Herbert Levine1 and Daniel I. Goldman2 1 Departments of Physics and Bioengineering, Northeastern University, Boston, MA, USA 2 School of Physics, Georgia Institute of Technology, Atlanta, Georgia 30332, USA $^[email protected] $^[email protected]
Abstract

We offer our opinion on the benefits of integration of insights from active matter physics with principles of regulatory interactions and control to develop a field we term “smart matter”. This field can provide insight into important principles in living systems as well as aid engineering of responsive, robust and functional collectives.

preprint: APS/123-QED

Recent years have seen the dawning of a new vibrant subfield of physics, the physics of living systems. An excellent discussion of the history and promise of this research area was presented in a recent National Academy report [1]. The research agenda of this field encompasses systems ranging from biomolecules to ecosystems, from building models to building robots [2], all in service of a quantitative understanding of systems whose behavior transcends what we have come to expect from experience with inanimate matter.
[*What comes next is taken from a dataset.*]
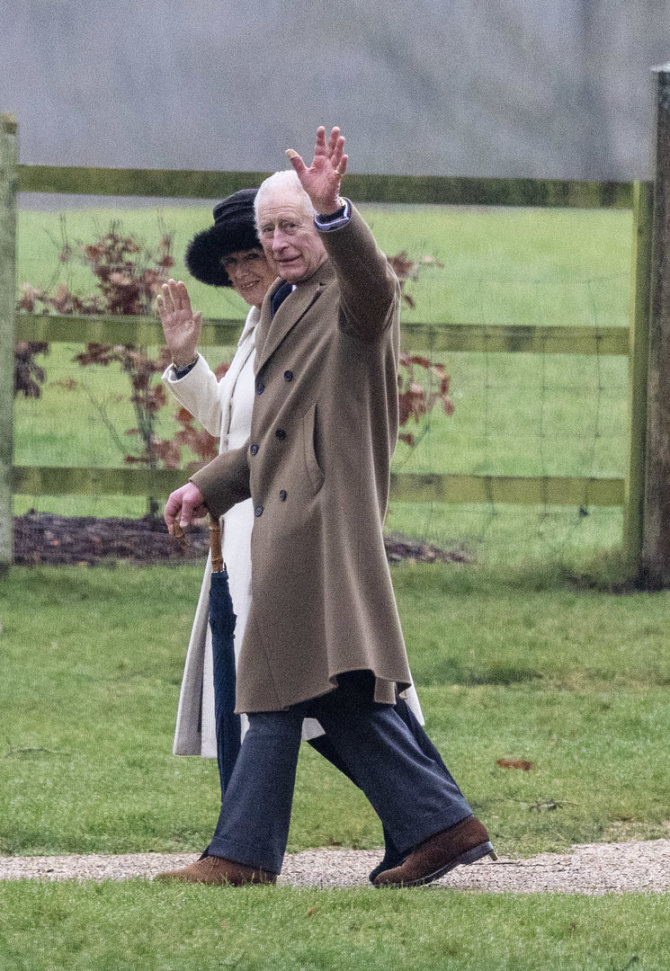 Vida Press nuotr./Karalius Charlesas III ir karalienė Camilla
Here we offer our opinion as to what might be for a physical scientist some of the necessary ingredients to consider a system to be living. We will argue that a path toward addressing such questions and characterizing these systems will be in developing ideas of “smart matter” (which we will define below) that combine ideas of the exploding field of active matter with those of the less appreciated (by physicists) regulatory interactions (e.g. feedback control [3, 4]).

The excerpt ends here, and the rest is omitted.